In a week or two we’ll emerge from our books, and this year will be history. It has been one filled with striking changes. Town and gown have stood on uneasy footing, from brutality at Elevate to a spate of shootings on our shared streets. We began the year with sexist chanting, and end it with the federal government investigating our sexual culture. The administration’s return of artifacts to Peru and ROTC to campus began in fits and starts, while an ethically troubling foray into Singapore was launched at lightning speed.

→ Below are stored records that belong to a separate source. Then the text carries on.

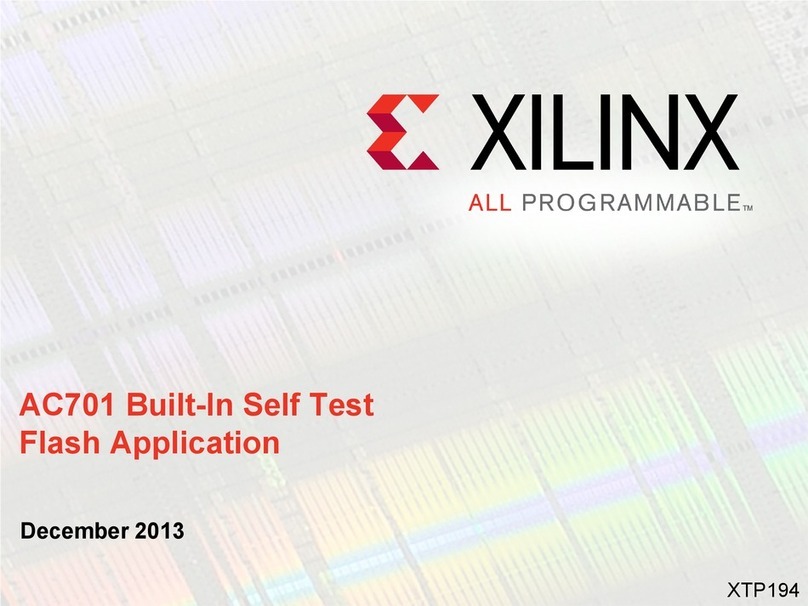 Xilinx XTP194 User manual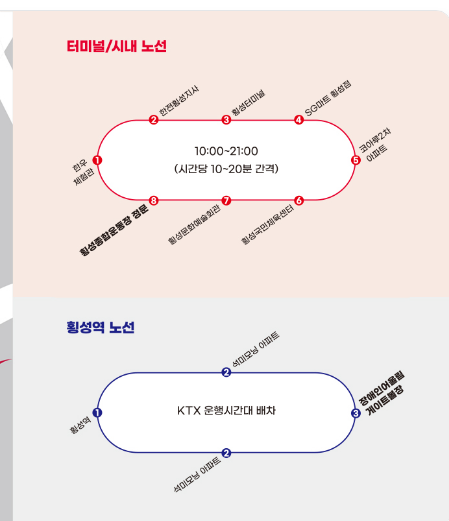 횡성 한우 축제 교통안내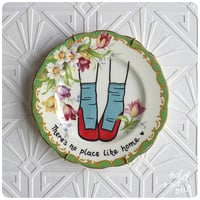 Image 1 of There's no place like Home - Hand Painted Vintage Plate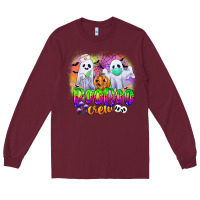 Burgundy boo boo crew Long Sleeve Tee - CowGirlArtShop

Summer gives us an opportunity to take a step back and consider our Yale: what it is, and — given the drama of this year — where it’s going. And we must also ask how well we have risen to its challenges. Committees were formed, but many rarely met. Forums were held, but many were poorly attended — like the Yale-NUS faculty forum to which only 25 professors showed up. And we, the students, did not always give our university much thought or action. We had our personal projects, our individual activism — we ran movements to draft presidential candidates, tutored in classrooms, and recycled lots of plastic bottles. But when it came to campus, we were often quicker angered than engaged — more cynical than civic. After all, we are busy people.

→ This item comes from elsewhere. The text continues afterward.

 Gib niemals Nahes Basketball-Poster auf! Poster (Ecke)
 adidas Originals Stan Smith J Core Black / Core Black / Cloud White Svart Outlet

But Yale is changing, and we are a part of it. When the claim of a “hostile sexual environment” is levied against our community, it demands all of our attention, regardless of affiliation. When our administration acts against its stated values, whether on campus or 9,500 miles away, we owe it to them to take them to task.
Yale is more than a service provider, more than a four-year individual adventure ending in a degree. Yale is a job that has fallen to us: a work in progress, an unfinished idea. It is a diverse community with a few shared hopes and responsibilities. Nobody is going to make Yale what we want it to be but us: administrators, faculty, undergraduates, grad students engaged in a collective project. And it’s a worthwhile one. The trials of New Haven and the world deserve our work — but for these brief years, so does our ancient, imperfect, sometimes-confounding school. We are here to learn national and global citizenship — but we must begin by participating as citizens of Yale.
In the 1964 commencement address, University President Kingman Brewster Jr. urged the graduates to avoid “moral timidity.” Several days later in this space, the News editorialized on the speech. Yale must represent more than a “four-year moratorium on responsibility,” they wrote. Now, as then, Yale is more than its pursuits, 300-plus clubs, 77 majors: more than four years, more than the sum of its parts.
New challenges like this year’s should not make us withdraw in frustration and timidity. They are opportunities to grow together, to turn our talents to a task that is uniquely our own. But we are not bound to Old Yale, nor are we naïve enough to welcome all that is new. As the News wrote in ’64, “There is much to be proud of here, much to support.” What has given us pause this year, we can work together to change. And what we have accomplished and enjoyed together, we can protect. After summer, beyond our own causes, before and after our time here, Yale can and will be better. And that is something worth returning to.